Copy the lines below that contain "Interface".

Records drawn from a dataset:
★ ★ ★ ★
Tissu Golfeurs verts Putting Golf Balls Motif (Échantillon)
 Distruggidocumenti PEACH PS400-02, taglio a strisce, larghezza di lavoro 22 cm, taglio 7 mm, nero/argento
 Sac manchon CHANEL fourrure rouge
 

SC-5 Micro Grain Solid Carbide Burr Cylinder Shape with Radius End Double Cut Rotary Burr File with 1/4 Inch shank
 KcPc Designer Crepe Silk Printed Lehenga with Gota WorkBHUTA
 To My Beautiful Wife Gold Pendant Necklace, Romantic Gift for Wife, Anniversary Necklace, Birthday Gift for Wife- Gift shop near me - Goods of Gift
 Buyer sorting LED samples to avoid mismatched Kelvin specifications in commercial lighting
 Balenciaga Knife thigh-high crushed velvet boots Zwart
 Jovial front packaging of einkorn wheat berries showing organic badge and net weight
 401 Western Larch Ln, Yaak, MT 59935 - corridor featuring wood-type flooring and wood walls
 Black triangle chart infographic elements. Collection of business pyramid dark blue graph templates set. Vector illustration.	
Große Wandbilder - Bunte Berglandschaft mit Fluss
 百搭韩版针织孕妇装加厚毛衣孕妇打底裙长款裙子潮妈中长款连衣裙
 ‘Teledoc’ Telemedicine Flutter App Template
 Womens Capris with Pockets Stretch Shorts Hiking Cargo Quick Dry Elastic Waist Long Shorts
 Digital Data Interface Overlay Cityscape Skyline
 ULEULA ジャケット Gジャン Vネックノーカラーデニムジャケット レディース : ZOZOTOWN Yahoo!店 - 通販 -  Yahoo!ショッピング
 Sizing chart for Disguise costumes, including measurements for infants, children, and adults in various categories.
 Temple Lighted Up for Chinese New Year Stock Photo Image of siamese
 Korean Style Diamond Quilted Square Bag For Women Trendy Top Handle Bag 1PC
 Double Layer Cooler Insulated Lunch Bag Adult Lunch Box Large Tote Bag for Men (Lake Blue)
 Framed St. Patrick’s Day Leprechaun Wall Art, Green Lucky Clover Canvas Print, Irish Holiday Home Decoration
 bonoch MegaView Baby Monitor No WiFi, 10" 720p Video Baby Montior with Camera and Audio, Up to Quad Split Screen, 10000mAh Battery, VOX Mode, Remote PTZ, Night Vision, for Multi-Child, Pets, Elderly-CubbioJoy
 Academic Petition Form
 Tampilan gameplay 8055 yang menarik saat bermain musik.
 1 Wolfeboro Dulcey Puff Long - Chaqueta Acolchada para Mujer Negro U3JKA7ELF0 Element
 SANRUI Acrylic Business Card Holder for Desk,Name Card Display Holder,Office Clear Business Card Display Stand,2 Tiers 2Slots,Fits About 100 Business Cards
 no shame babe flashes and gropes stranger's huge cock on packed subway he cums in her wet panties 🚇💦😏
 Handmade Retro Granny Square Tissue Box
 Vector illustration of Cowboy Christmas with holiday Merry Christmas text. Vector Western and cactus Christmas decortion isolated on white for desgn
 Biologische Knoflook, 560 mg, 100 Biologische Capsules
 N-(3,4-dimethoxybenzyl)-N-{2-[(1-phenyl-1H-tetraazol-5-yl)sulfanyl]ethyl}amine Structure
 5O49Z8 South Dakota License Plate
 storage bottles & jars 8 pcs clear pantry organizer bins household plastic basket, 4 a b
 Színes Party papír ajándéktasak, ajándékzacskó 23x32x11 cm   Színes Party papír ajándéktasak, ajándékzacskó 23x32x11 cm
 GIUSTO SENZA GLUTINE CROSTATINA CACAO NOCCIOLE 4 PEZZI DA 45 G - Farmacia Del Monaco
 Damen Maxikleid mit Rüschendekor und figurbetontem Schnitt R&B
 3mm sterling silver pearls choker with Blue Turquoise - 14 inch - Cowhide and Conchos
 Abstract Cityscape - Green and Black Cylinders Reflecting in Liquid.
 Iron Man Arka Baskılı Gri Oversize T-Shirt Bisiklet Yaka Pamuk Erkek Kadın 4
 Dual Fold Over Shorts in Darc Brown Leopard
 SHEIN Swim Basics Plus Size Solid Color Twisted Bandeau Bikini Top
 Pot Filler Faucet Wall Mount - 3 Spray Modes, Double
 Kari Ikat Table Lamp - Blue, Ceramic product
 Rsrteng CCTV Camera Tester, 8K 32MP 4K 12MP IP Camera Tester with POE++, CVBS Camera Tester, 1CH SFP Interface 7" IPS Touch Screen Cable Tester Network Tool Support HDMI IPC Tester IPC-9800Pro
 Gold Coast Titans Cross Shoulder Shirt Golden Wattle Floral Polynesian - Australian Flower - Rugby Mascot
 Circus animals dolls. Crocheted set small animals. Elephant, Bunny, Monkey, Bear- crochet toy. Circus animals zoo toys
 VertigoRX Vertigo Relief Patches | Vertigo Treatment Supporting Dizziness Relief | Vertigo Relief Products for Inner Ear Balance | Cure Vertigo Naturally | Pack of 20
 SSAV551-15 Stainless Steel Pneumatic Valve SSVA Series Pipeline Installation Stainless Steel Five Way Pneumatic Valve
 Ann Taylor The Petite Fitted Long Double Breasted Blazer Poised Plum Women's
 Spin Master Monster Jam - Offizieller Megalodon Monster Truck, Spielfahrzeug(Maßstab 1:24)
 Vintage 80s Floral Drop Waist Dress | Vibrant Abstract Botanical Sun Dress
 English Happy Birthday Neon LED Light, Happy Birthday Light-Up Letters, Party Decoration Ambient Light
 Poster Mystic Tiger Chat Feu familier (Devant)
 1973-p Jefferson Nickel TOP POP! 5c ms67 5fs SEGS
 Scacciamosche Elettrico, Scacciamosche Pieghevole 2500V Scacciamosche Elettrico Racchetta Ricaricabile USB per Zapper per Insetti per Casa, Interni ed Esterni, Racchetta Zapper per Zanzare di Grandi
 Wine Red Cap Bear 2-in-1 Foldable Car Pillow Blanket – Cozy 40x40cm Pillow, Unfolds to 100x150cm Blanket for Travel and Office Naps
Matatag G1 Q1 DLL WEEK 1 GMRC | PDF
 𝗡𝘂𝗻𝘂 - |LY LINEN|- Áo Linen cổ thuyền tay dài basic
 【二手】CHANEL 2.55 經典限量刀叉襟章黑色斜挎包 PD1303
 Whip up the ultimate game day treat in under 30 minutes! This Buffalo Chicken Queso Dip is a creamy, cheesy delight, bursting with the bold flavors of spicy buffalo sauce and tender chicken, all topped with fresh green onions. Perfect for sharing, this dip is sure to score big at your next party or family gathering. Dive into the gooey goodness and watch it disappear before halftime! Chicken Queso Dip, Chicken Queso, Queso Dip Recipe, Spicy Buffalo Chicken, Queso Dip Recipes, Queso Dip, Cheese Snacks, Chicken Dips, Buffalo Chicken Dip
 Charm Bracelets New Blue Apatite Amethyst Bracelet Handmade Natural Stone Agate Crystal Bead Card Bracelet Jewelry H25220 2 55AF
★ ★ ★ ★
Output below:
 Digital Data Interface Overlay Cityscape Skyline
 Rsrteng CCTV Camera Tester, 8K 32MP 4K 12MP IP Camera Tester with POE++, CVBS Camera Tester, 1CH SFP Interface 7" IPS Touch Screen Cable Tester Network Tool Support HDMI IPC Tester IPC-9800Pro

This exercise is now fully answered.